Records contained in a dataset
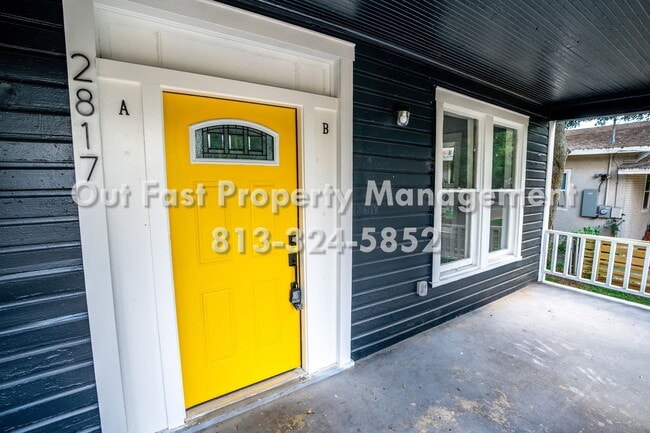 Photo - 2817 N Taliaferro Ave Unit 2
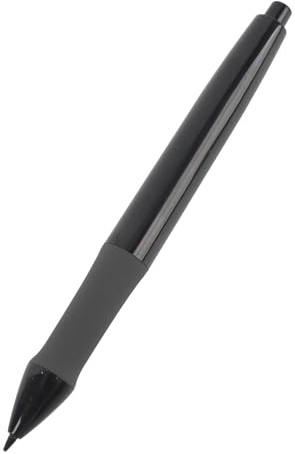 Dpofirs Digital Drawing Pen - 2048 Druckstufen, ABS -Material, Zum Zeichnen von Tabletten (Black)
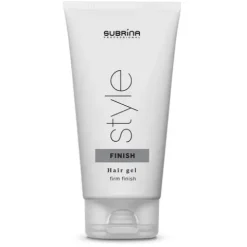 Subrina Professional Style Gel De Cabelo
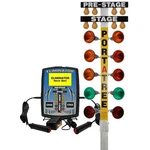 Port-a-tree 3182 Eliminator Next Gen With National Event Kit Includes:. Fixed Price $1354.19.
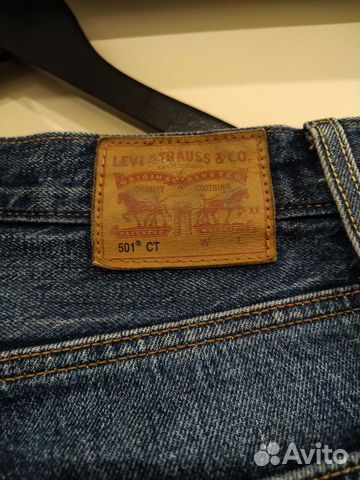 Женские джинсы levis 501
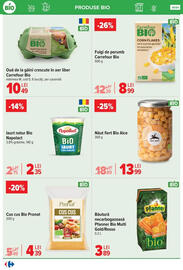 Catalog Carrefour săptămâna 29 Pagină 16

Required work.
Once the line holding "Port-a-tree 3182 Eliminator" is found, set down that line and every line after it, exactly, through the last line of the records above, omitting pictures.

Written reply.
 Port-a-tree 3182 Eliminator Next Gen With National Event Kit Includes:. Fixed Price $1354.19.
 Женские джинсы levis 501
 Catalog Carrefour săptămâna 29 Pagină 16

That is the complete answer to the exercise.